■ **Information supplied**
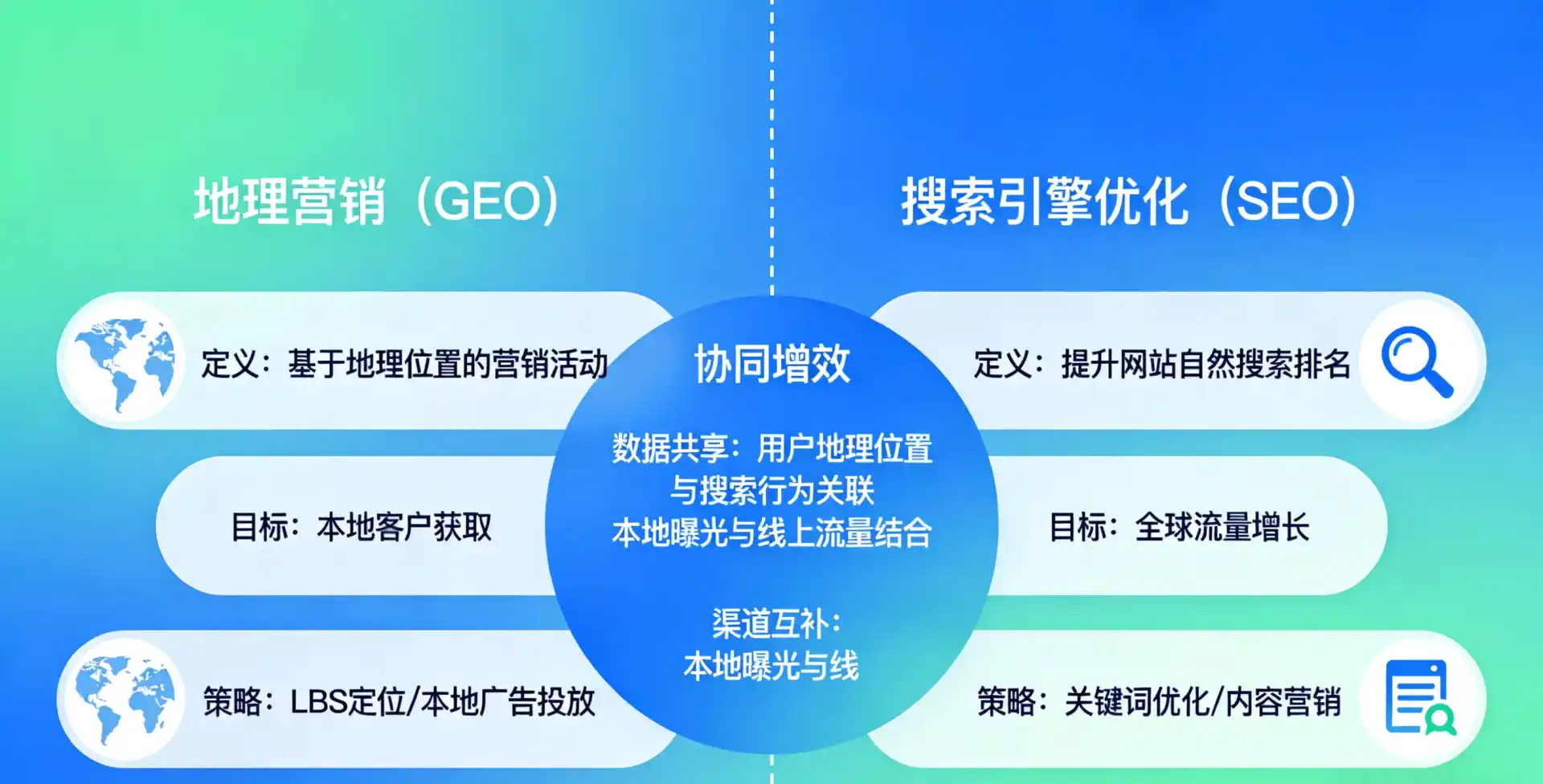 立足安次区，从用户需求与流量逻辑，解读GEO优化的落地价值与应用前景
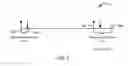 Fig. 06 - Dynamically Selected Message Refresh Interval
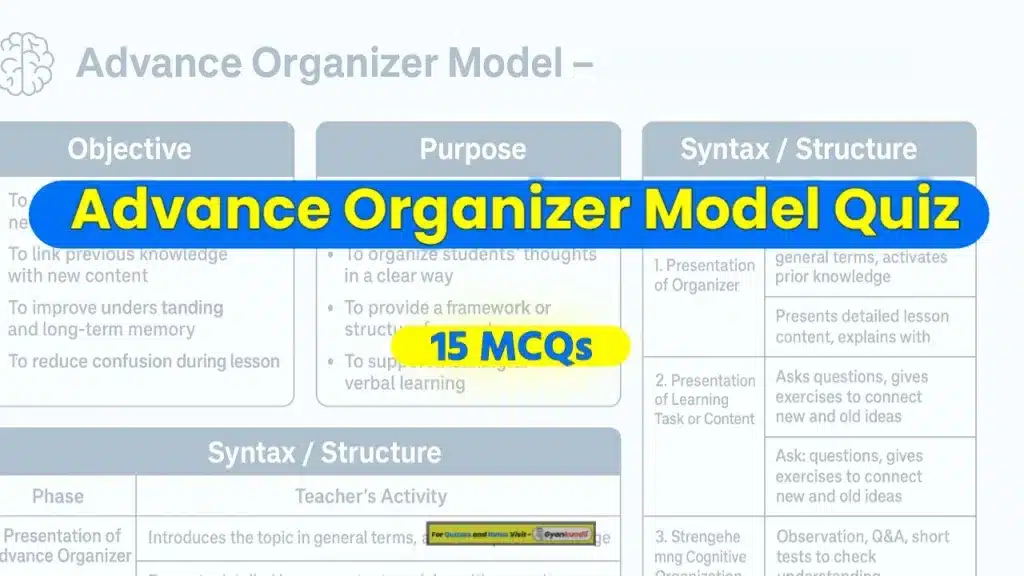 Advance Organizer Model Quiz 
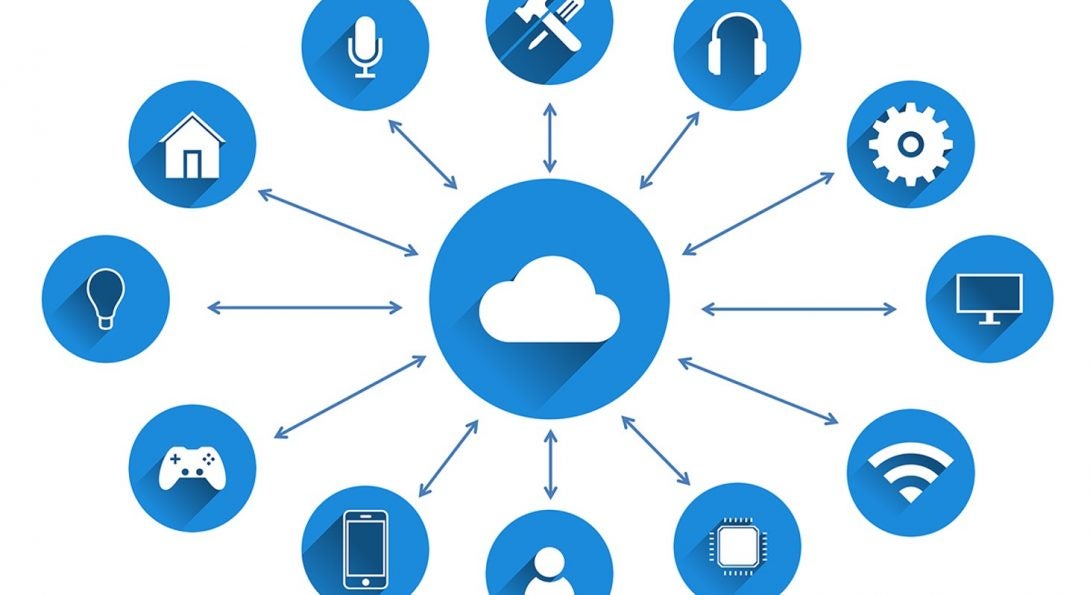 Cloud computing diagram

--

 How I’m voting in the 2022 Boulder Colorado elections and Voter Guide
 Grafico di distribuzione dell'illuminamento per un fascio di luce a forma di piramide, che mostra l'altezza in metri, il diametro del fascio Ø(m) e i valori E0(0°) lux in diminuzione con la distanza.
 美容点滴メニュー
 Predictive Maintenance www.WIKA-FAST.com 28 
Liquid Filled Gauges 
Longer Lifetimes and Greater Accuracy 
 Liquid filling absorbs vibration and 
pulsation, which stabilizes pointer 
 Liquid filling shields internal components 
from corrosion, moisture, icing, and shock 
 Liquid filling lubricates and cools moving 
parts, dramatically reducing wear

■ **Problem statement**
Using the records above, pull out each line where the word "filling" occurs.

■ **Task solution**
 Liquid filling absorbs vibration and 
 Liquid filling shields internal components 
 Liquid filling lubricates and cools moving 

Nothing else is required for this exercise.